Would you write out the entries below, every one of them, exactly?

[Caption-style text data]

▽

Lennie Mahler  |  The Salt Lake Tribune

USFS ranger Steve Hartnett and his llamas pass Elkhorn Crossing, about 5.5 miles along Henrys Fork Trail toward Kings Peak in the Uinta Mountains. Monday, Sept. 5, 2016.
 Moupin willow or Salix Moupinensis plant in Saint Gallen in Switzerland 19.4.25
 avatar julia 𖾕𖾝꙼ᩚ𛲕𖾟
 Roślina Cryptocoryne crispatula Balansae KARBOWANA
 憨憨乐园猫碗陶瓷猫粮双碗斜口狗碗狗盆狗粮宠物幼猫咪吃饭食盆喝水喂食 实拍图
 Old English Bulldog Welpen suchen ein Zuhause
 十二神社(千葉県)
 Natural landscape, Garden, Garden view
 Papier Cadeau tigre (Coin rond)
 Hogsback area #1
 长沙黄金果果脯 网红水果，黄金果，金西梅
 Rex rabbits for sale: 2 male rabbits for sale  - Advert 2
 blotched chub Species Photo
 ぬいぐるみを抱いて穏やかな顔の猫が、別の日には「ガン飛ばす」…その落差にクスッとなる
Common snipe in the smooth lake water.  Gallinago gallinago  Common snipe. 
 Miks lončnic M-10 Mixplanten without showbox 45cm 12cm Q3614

△

* Your response:
Lennie Mahler  |  The Salt Lake Tribune

USFS ranger Steve Hartnett and his llamas pass Elkhorn Crossing, about 5.5 miles along Henrys Fork Trail toward Kings Peak in the Uinta Mountains. Monday, Sept. 5, 2016.
 Moupin willow or Salix Moupinensis plant in Saint Gallen in Switzerland 19.4.25
 avatar julia 𖾕𖾝꙼ᩚ𛲕𖾟
 Roślina Cryptocoryne crispatula Balansae KARBOWANA
 憨憨乐园猫碗陶瓷猫粮双碗斜口狗碗狗盆狗粮宠物幼猫咪吃饭食盆喝水喂食 实拍图
 Old English Bulldog Welpen suchen ein Zuhause
 十二神社(千葉県)
 Natural landscape, Garden, Garden view
 Papier Cadeau tigre (Coin rond)
 Hogsback area #1
 长沙黄金果果脯 网红水果，黄金果，金西梅
 Rex rabbits for sale: 2 male rabbits for sale  - Advert 2
 blotched chub Species Photo
 ぬいぐるみを抱いて穏やかな顔の猫が、別の日には「ガン飛ばす」…その落差にクスッとなる
Common snipe in the smooth lake water.  Gallinago gallinago  Common snipe. 
 Miks lončnic M-10 Mixplanten without showbox 45cm 12cm Q3614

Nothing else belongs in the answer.